[DATA RECORDS — start]

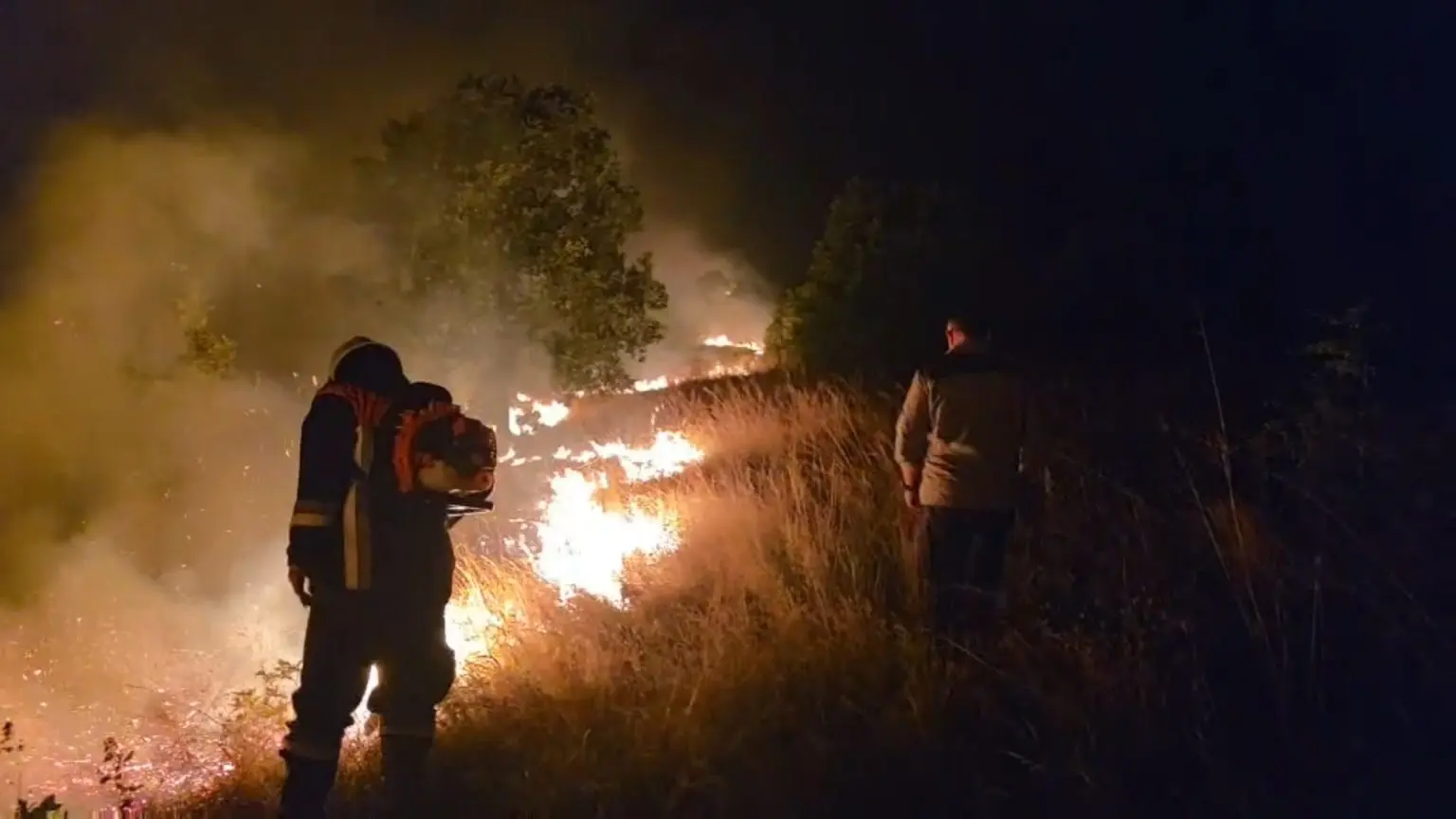 ПОЖАРОТ ВО ЧАНИШТА СЕ ШИРИ: огнот се движи во четири крака, активно и на четири други локации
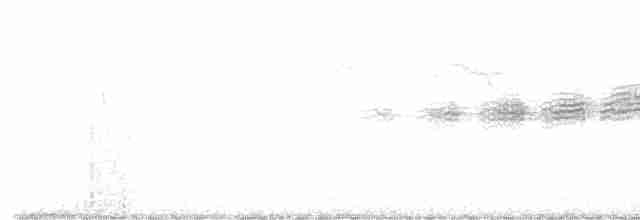 Prairie Warbler - ML618727883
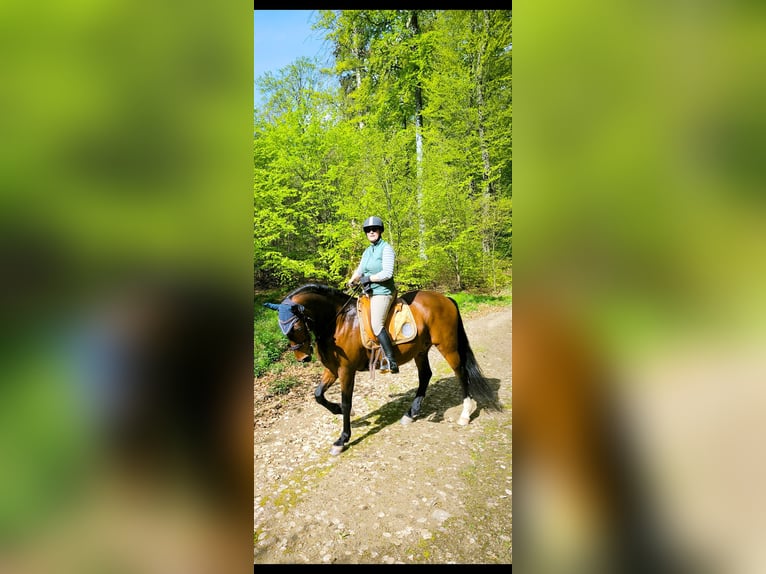 PRE Mix Castrone 14 Anni 163 cm Baio in Wildeck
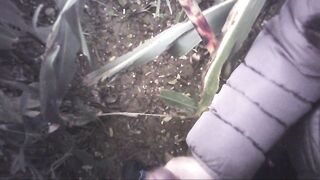 Sega all'interno di un campo di mais con diversa gettata di sborra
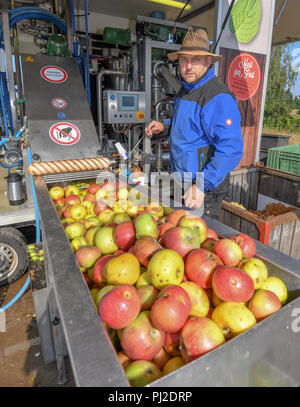 04.09.2018, Brandenburg, Frankfurt (Oder): Mario Flach legt Äpfel in einem Wasserbad, Teil einer mobilen Fruchtsaft Brecher. Die mobile Apfelsaft drücken Sie Touren in Berlin und Brandenburg. Ab einer Menge von 100 Kg Äpfel, jeder kann seine eigenen Apfelsaft haben hier gedrückt. Nach dem Drücken der Taste wird der Saft auf 80 Grad Celsius erhitzt und abgefüllt in drei oder fünf Liter Schlauchbeutel. Von 100 Kg über 50 bis 60 Liter Saft zusammendrücken können. Foto: Patrick Pleul/dpa-Zentralbild/ZB Stockfoto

[DATA RECORDS — finish]

- _BRIEF_: For this exercise, copy each line of the data above exactly, from the first through the line containing "Sega all'interno di", and drop the pictures.

- _FINAL ANSWER_:
 ПОЖАРОТ ВО ЧАНИШТА СЕ ШИРИ: огнот се движи во четири крака, активно и на четири други локации
 Prairie Warbler - ML618727883
 PRE Mix Castrone 14 Anni 163 cm Baio in Wildeck
 Sega all'interno di un campo di mais con diversa gettata di sborra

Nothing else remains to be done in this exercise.